Monday, February 16, 2015

Water Sports and Bond in the News.....Day 47 of Bond 365




Dolores Keator in only onscreen role
Dolores Keator
Born this day in 1925
Mary in Dr. No

Dolores Keator’s only onscreen role was as Mary Trueblood, secretary to John Strangeways in Dr. No. According to James Bond 007 Wiki, her back story was that she was a former Chief Officer WRNS and was stationed in Jamaica. Early in the film, she is killed by the Three Blind Mice as she prepares to report into the London headquarters because Strangeways has information regarding Crab Key and Dr. No.

Keator’s Jamaica home was used as Strangeways house in the film. Wiki contradicts itself by stating that Keator’s character is the first Bond girl to appear on the screen in the first official EON Productions Bond film. However, she did not share the screen with Bond nor was she romantically involved with Bond, so I would argue that Keator was not a Bond Girl. I believe that honor still goes to Eunice Gayson’s Sylvia Trench.

Ricou Browning
Ricou Browning
Born this day in 1930
Second Unit Director/Underwater Director: Underwater Sequence in Thunderball; Underwater Sequence Director on Never Say Never Again

Writer. Director. Camera and Electrical Department. Producer. Second Unit Director or Assistant Director. Miscellaneous Crew. Actor. Stunts. Special Effects. This is renaissance man was born in Florida, so perhaps it was not a surprise that Ricou Browning ended up with a career in which water was prominent in his life. Prior to scuba gear, he had learned how to breath through an air hose when he first started diving for local water shows.

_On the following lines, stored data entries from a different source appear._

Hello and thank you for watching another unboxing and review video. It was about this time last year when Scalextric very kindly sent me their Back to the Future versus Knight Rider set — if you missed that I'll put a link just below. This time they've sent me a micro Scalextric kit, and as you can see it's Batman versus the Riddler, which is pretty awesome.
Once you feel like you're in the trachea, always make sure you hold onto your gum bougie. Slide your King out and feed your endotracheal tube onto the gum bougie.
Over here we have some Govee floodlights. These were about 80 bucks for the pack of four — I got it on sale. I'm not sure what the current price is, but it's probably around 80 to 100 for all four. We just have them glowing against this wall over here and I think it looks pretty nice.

Browning worked on the Creature from the Black Lagoon (1954) completing all of the underwater sequences. He went on to work on the sequels: Revenge of the Creature (1955) and The Creature Walks Among Us (1956). He wrote, directed and produced the original Flipper series in the 1960s. He even did some acting in the series as well.

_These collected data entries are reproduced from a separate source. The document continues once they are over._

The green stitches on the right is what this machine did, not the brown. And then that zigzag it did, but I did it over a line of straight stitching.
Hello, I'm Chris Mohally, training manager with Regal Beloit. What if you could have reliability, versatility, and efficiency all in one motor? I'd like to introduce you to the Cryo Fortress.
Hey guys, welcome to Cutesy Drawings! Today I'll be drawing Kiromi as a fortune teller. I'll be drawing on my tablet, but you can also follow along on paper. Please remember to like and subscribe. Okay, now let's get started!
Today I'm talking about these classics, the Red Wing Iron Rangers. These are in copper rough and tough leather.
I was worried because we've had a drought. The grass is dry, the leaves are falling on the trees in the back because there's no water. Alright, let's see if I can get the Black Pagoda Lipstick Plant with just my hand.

He originally joined the Bond family in 1965’s Thunderball and then worked on Never Say Never Again in 1983 as the Underwater Sequence Director. For Thunderball, Browning specifically was “responsible for the staging of the cave sequence and the battle scenes beneath the Disco Volante and called in his specialist team of divers who posed as those engaged in the onslaught” (Wikipedia: Thunderball).  I think it is interesting that Browning worked on the two Bond films that were tied together via the McClory-Fleming legal dispute that lasted from 1961 – 2006.

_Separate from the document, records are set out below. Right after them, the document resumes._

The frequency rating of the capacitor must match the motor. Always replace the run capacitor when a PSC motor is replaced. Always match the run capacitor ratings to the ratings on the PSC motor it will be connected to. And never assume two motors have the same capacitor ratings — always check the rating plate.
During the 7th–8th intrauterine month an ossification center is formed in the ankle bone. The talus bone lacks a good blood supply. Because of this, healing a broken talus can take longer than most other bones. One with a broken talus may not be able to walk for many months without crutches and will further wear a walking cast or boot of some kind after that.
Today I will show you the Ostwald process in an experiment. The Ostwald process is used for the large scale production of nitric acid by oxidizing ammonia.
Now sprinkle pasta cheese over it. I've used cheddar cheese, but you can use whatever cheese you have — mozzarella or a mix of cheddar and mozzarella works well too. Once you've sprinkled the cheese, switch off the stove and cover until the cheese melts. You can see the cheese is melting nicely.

And now to highlight Bond news from this past week:

Can I test drive?? Pretty please???
02/10 – Designboom reported that Spectre will feature the sporty Jaguar C-X75 supercar hybrid version (man is it sweet!) as well as a Range Rover Sport SVR. 

02/12 – Geeks of Doom report their first look at Spectre, plus video!

02/14 – Louis Jourdan, who played Kamal Khan in Octopussy passed away at the age of 93 in his Beverly Hills, California home. A lengthly obituary write up from Variety.

02/16 – The Guardian reported that the Arciconfraternita di Carita verso I Trapassati has denied the Spectre crew from filming at the 2,000 year old Verano Cemetery. It is anticipated that Mendes will film at the Museum of Roman Civilisation in Rome instead.

Idris Elba 
02/16 – Pierce Brosnan weighed in on the question of whether Idris Elba would make a good James Bond. Brosnan said the 42-year-old would make a good Bond. Elba’s stance regarding the rumors has fallen to both sides: no validity to the rumors to yes, he would take the role if it was offered to him. With Bond 25 at least a couple of years out, I wonder if Elba would have reached that tipping point of being too old by then?